**What is needed:**
Copy, word for word, the opening line of the data and each line after it until the line that contains "Thank you for", which is included. Leave the pictures out.

((

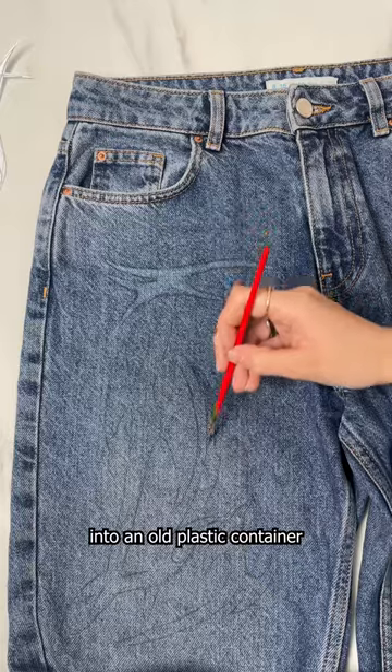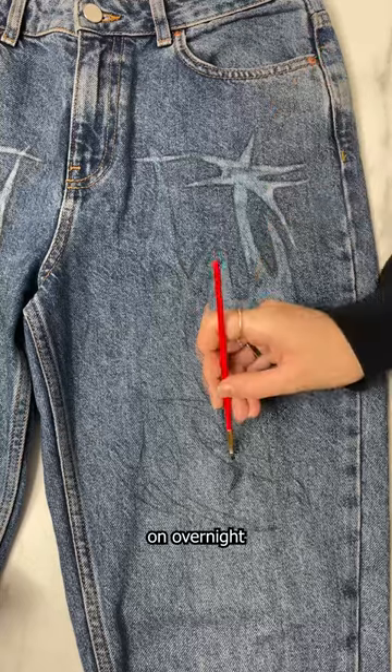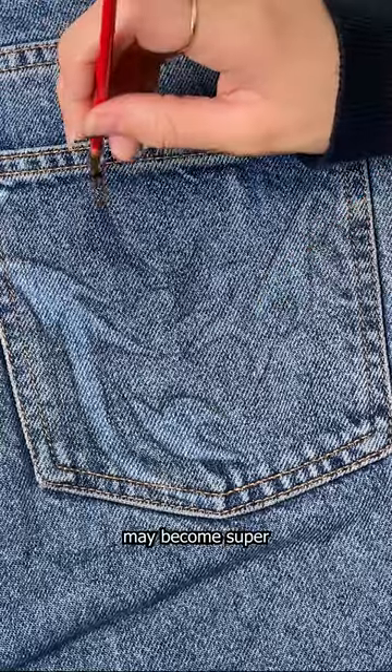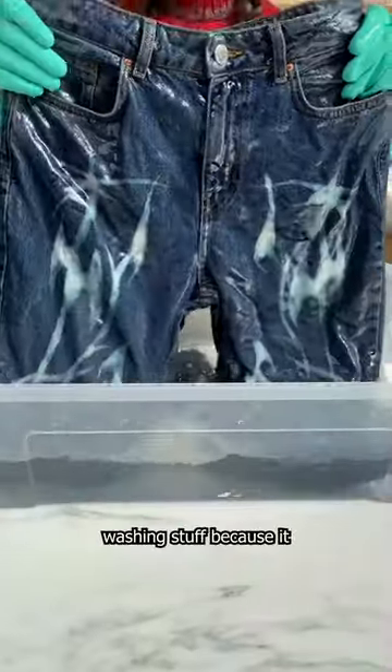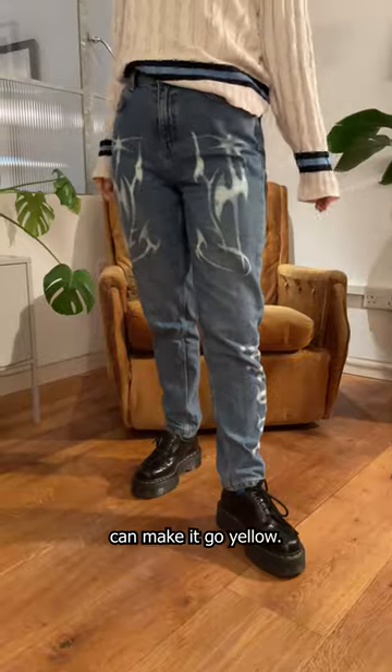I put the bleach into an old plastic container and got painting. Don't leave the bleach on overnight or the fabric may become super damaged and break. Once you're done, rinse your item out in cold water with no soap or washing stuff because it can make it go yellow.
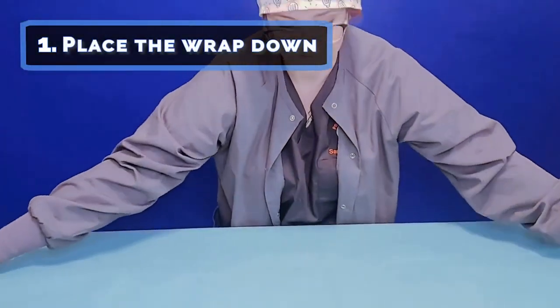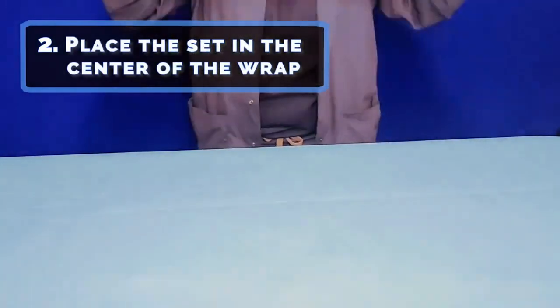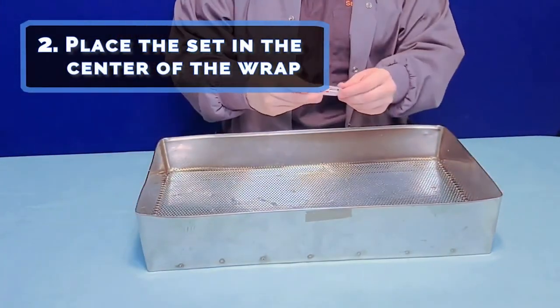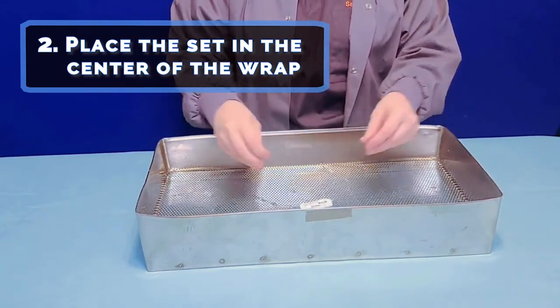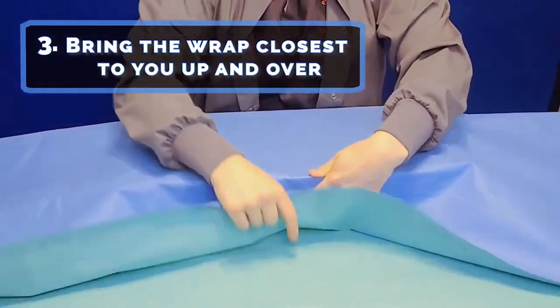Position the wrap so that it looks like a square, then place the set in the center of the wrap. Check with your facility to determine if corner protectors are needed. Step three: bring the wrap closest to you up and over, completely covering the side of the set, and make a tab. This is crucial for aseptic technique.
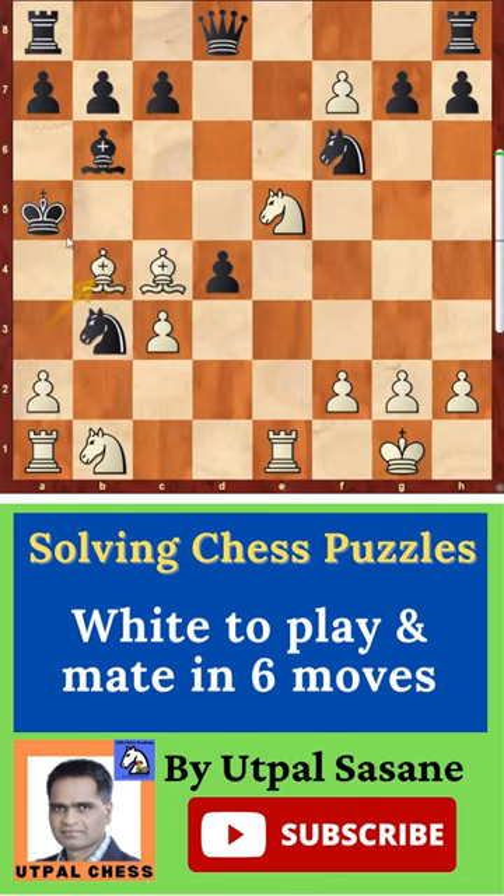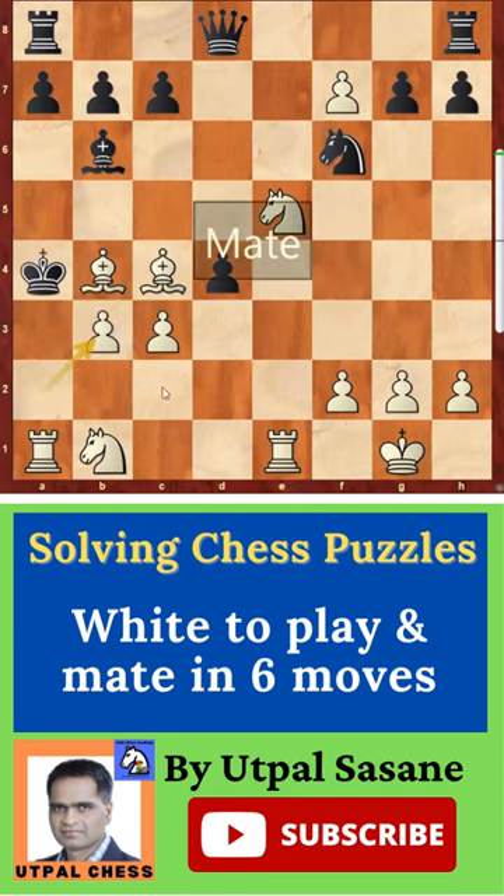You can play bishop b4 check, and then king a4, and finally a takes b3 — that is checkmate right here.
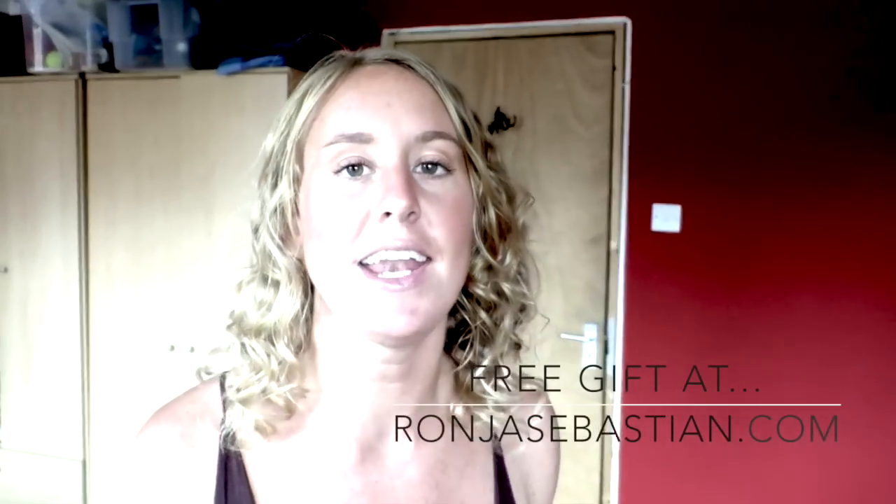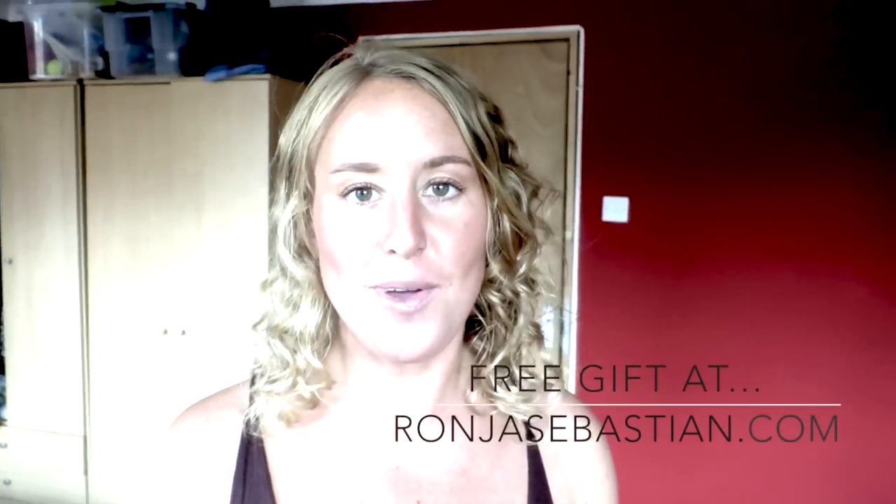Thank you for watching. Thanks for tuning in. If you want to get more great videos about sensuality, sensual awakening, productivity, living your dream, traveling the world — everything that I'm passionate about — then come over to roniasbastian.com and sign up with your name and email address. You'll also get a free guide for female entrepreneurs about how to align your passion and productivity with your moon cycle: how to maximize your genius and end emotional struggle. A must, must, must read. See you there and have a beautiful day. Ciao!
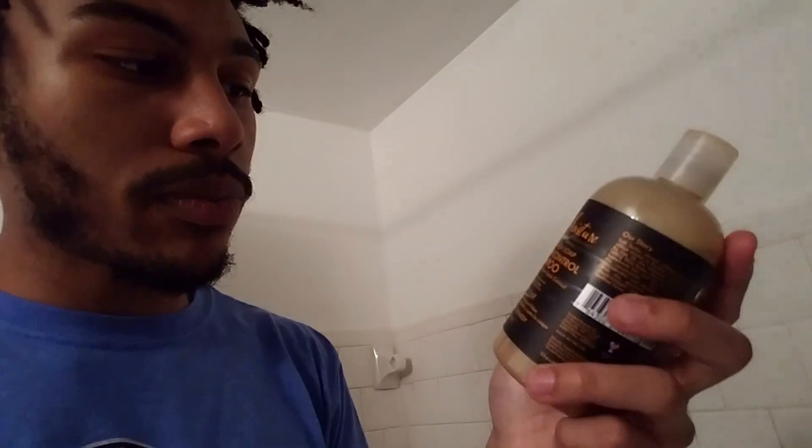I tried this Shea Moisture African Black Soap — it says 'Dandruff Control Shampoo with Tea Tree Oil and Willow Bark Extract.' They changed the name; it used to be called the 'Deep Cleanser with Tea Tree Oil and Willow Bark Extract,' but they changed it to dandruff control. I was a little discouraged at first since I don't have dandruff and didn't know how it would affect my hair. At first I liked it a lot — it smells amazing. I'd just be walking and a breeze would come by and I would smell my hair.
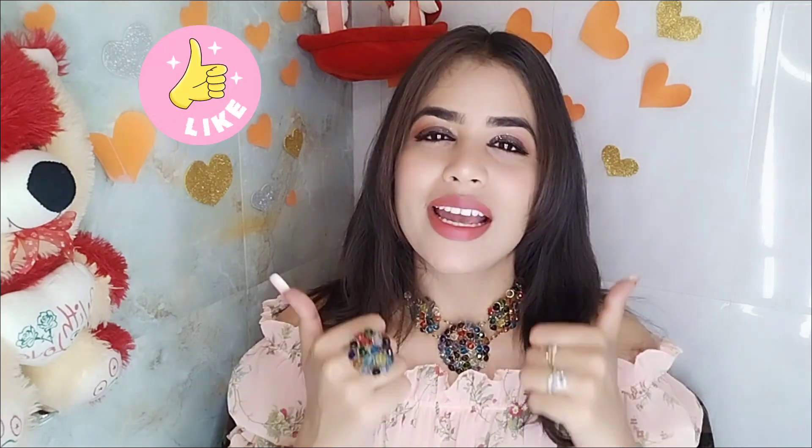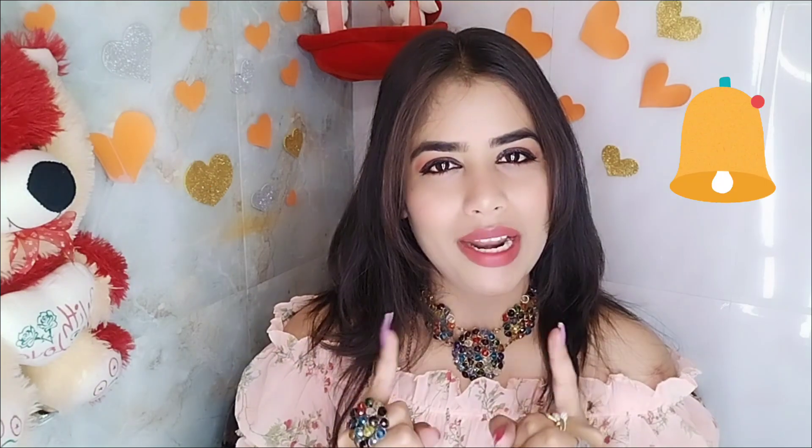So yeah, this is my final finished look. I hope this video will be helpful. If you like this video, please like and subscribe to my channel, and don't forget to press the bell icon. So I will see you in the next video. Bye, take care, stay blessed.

))

**Response area:**
I put the bleach into an old plastic container and got painting. Don't leave the bleach on overnight or the fabric may become super damaged and break. Once you're done, rinse your item out in cold water with no soap or washing stuff because it can make it go yellow.
Position the wrap so that it looks like a square, then place the set in the center of the wrap. Check with your facility to determine if corner protectors are needed. Step three: bring the wrap closest to you up and over, completely covering the side of the set, and make a tab. This is crucial for aseptic technique.
You can play bishop b4 check, and then king a4, and finally a takes b3 — that is checkmate right here.
Thank you for watching. Thanks for tuning in. If you want to get more great videos about sensuality, sensual awakening, productivity, living your dream, traveling the world — everything that I'm passionate about — then come over to roniasbastian.com and sign up with your name and email address. You'll also get a free guide for female entrepreneurs about how to align your passion and productivity with your moon cycle: how to maximize your genius and end emotional struggle. A must, must, must read. See you there and have a beautiful day. Ciao!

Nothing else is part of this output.